Thursday, March 7, 2013

The Wellness Corner

We are proud to announce our new podcast series. We thought it appropriate to kick off this new
Hope Through Grace feature during the month of March, which is National Colorectal Cancer Awareness Month. Every week, we will post a new audio segment surrounding the overall topic of "Cancer Prevention through Healthy Lifestyle Habits." Along the way, though, you will pick up some colon cancer facts that you can use in your daily life to keep you and those you care about healthy. So please join us on this journey of wellness. We're glad to have you!

HTG Wellness Corner Episode 1: "Colon Cancer is Preventable"

Tuesday, May 22, 2012

Join us on our Journey to Prevent Colon Cancer

by Grace Butler, Ph.D., Founder/CEO of Hope Through Grace

Colon cancer is back in the headlines with the recent death of beloved Disco icon Robin Gibb of the Bee Gees. We offer our sincerest and deepest condolences to his family. This tragedy shows that colon cancer can strike anyone, regardless of station in life. Colon cancer does not care how much money you make, what kind of job you have, what kind of car you drive or whether you have insurance.
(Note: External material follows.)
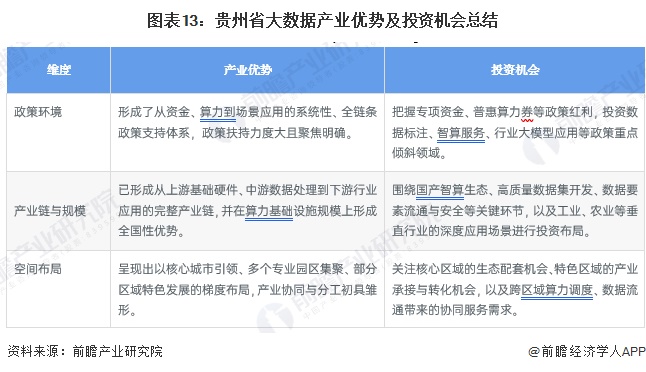 图表13:贵州省大数据产业优势及投资机会总结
I founded Hope Through Grace to help people understand that this is a highly preventable disease. As a matter of fact, colon cancer is said to be 95% preventable if recommended measures are undertaken. I am deeply saddened whenever I hear of a life lost to colon cancer. I wonder "why"? Were they not informed or were they informed but chose not to act? I have dedicated the last decade of my life to spreading this message. And I will keep spreading it as long as I am able to do so. So bear with me now as I talk about the facts surrounding colon cancer.

The colon is another word for the large intestine. Colorectal cancer means cancer of the colon and/or rectum. Colon cancer happens when small benign growths called polyps get larger and turn into cancerous lumps. Eventually those cancerous lumps grow out of the colon and travel to other places throughout the body. This process is called metastasis, when cancer is really at an advanced stage. But in many cases, screening methods can catch these growths at the early stage when they are still benign polyps.
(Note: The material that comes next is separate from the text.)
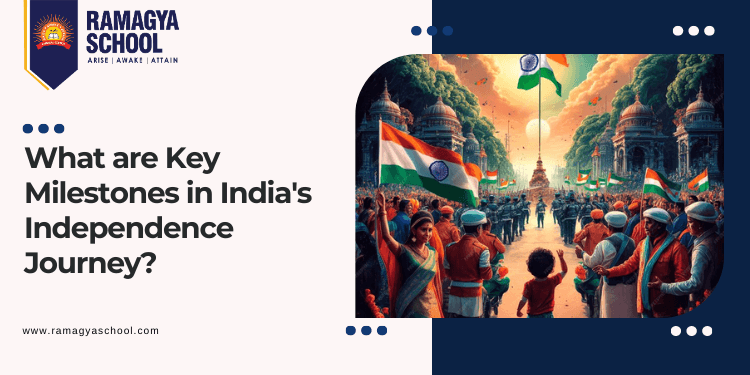 What are Key Milestones in India’s Independence Journey?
The screening method considered the gold standard is colonoscopy, in which a doctor uses a long tube, the colonoscope, with a video camera attached to examine the entire colon which is about six to eight feet long. During the colonoscopy, doctors will remove polyps, preventing them from ever turning into cancer.

The key, though, is to get the test done at the recommended age of 50, and earlier if you have a family history of colon cancer. Because the death rate from colon cancer is highest among African Americans, the recommendations for blacks is to have a baseline colonoscopy at age 45. If the results are normal, generally the test does not need to be repeated for another 7-10 years.

I have heard many comments over the years from African American men, in particular, that they don't want anyone "looking at that part of their body." But what they fail to understand is that if colon cancer develops, many people will be looking all over their bodies during treatment and recovery!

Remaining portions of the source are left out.